WASHINGTON – U.S. Senators Bill Cassidy, M.D. (R-LA), ranking member of the Senate Health, Education, Labor, and Pensions (HELP) Committee, Roger Marshall, M.D. (R-KS), and 6 Republican colleagues introduced the Save Local Business Act, which would provide clarity on joint employer and improve businesses’ ability to operate without violating federal joint employer rules. In September of 2022, the Department of Labor (DOL) proposed new joint employer rules, marking the third time since 2015 that joint employer standards have gone through the federal rulemaking process. The bill would codify a federal standard for joint employer and give stability to small businesses.

“Small businesses are crucial for supporting our communities,” said Dr. Cassidy. “This bill provides clarity to local businesses so they can continue to thrive without fear of breaking the law.”

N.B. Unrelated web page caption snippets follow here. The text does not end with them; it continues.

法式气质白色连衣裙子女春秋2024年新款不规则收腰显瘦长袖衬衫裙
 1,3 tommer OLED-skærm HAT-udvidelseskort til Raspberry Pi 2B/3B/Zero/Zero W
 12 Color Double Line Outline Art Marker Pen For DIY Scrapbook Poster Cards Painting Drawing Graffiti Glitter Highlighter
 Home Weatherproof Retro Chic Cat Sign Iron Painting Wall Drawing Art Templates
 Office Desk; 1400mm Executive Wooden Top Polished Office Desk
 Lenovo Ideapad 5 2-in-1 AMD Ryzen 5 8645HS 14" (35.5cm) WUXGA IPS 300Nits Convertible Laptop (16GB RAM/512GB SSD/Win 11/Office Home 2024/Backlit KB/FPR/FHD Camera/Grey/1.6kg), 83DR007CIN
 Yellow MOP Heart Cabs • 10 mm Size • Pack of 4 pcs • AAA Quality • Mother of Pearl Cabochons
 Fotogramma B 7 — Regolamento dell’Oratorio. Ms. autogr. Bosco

“You can’t focus on running a business if the federal government keeps changing the rules. The Save Local Business Act provides long-overdue clarity and consistency that will protect our nation’s small businesses,” said Senator Marshall. “The Biden Administration’s Labor Department has relied on complicated court rulings to handle joint employers instead of providing clear guidance to the business community. In a time of economic hardship, we should be doing all that we can to help our nation's small businesses, not let the heavy hand of government regulations run amuck.” 

“NTU is proud to lead a coalition of eighteen organizations in applauding Senator Roger Marshall and Chairman James Comer for introducing the Save Local Business Act of 2023. This important legislation will protect taxpayers and local small businesses from tumultuous uncertainty caused by National Labor Relations Board overreach. The commonsense bill ends the seesaw effect of changing NLRB majorities by codifying the traditional definition of joint employment. From inflation to staffing shortages to supply chain issues, the last thing that Main Street businesses and taxpayers need are stacks of legal bills from trying to figure out if they’re a joint employer and the Save Local Business Act will stop this legal uncertainty immediately,” said Nick Johns, Policy & Government Affairs Manager, National Taxpayers Union.

“More than any other policy, franchise businesses need the certainty of the Save Local Business Act. IFA applauds Congressman Comer and Senator Marshall for reintroducing the Save Local Business Act, a common-sense bill that, if enacted, will indeed save hundreds of thousands of franchise small businesses from regulatory overreach. As the misguided National Labor Relations Board prepares to finalize an unnecessary and harmful joint employer standard later this year, it is critical that Congress pass the Save Local Business Act to provide franchise brands and owners with a reasonable, clear and consistent standard of joint employer so they can continue growing and thriving,” said Michael Layman, Senior Vice President, Government Relations and Public Affairs, International Franchise Association.

Cassidy and Marshall are joined by U.S. Senators Mike Braun (R-IN), Kevin Cramer (R-ND), Bill Hagerty (R-TN), Cynthia Lummis (R-WY), Marco Rubio (R-FL), and Roger Wicker (R-MS) in cosponsoring the bill.

U.S. Representative James Comer (R-KY-01) introduced the companion legislation in the U.S. House of Representatives.

“Congress must promote policies that empower small businesses and free them from stifling regulations pushed by an unchecked and unelected federal bureaucracy,” said Representative Comer. “Our bill, the Save Local Business Act, will add common sense to the definition of a joint employer, protect the franchise business model, and reduce bureaucratic headaches for American job creators. Now is the time for job growth and creation, not harmful and unclear regulations.”

The Save Local Business Act:

  • Amends the National Labor Relations Act and the Fair Labor Standards Act to clarify that two or more employers must have “actual, direct, and immediate” control over employees to be considered joint employers.
  • Rolls back a convoluted joint employer scheme that threatens job creation and undermines the American Dream.
  • Restores a commonsense definition of employer to provide certainty and stability for workers and employers.
  • Protects workers and local employers from future overreach by unelected bureaucrats and activist judges.